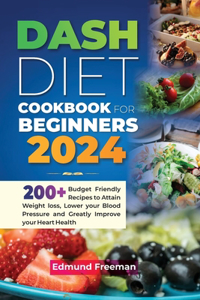 Dash Diet Cookbook for Beginners 2024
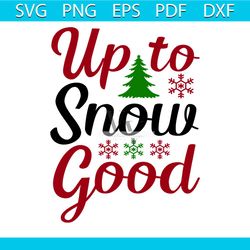 Up To Snow Good Svg, Christmas Svg, Xmas Svg, Authentic Goods Svg, Christmas Gift Svg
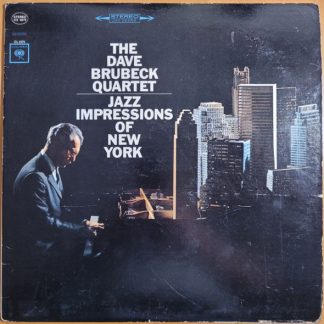 Dave Brubeck Quartet, The – Jazz Impressions Of New York (Vinyl)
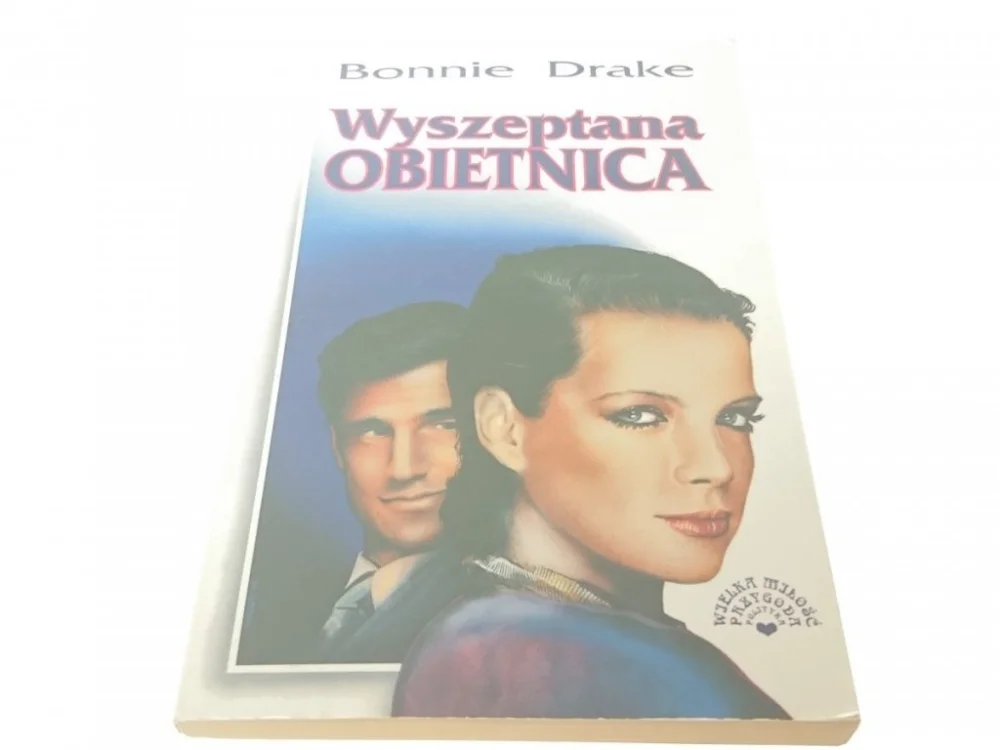 Sprawdź teraz WYSZEPTANA OBIETNICA - Bonnie Drake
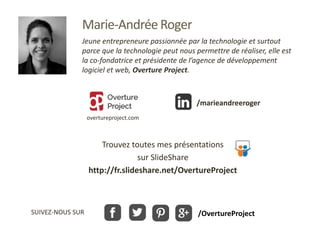 Trouvez toutes mes présentations
sur SlideShare
http://fr.slideshare.net/OvertureProject
SUIVEZ-NOUS SUR
Marie-Andrée Roger
Jeune entrepreneure passionnée par la technologie et surtout
parce que la technologie peut nous permettre de réaliser, elle est
la co-fondatrice et présidente de l’agence de développement
logiciel et web, Overture Project.
/OvertureProject
overtureproject.com
/marieandreeroger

» EXERCISE GOAL
Write out the entries word for word. Skip the pictures.

» SOLUTION FOR THIS PROBLEM
 Dash Diet Cookbook for Beginners 2024
 Up To Snow Good Svg, Christmas Svg, Xmas Svg, Authentic Goods Svg, Christmas Gift Svg
 Dave Brubeck Quartet, The – Jazz Impressions Of New York (Vinyl)
 Sprawdź teraz WYSZEPTANA OBIETNICA - Bonnie Drake
 Trouvez toutes mes présentations
sur SlideShare
http://fr.slideshare.net/OvertureProject
SUIVEZ-NOUS SUR
Marie-Andrée Roger
Jeune entrepreneure passionnée par la technologie et surtout
parce que la technologie peut nous permettre de réaliser, elle est
la co-fondatrice et présidente de l’agence de développement
logiciel et web, Overture Project.
/OvertureProject
overtureproject.com
/marieandreeroger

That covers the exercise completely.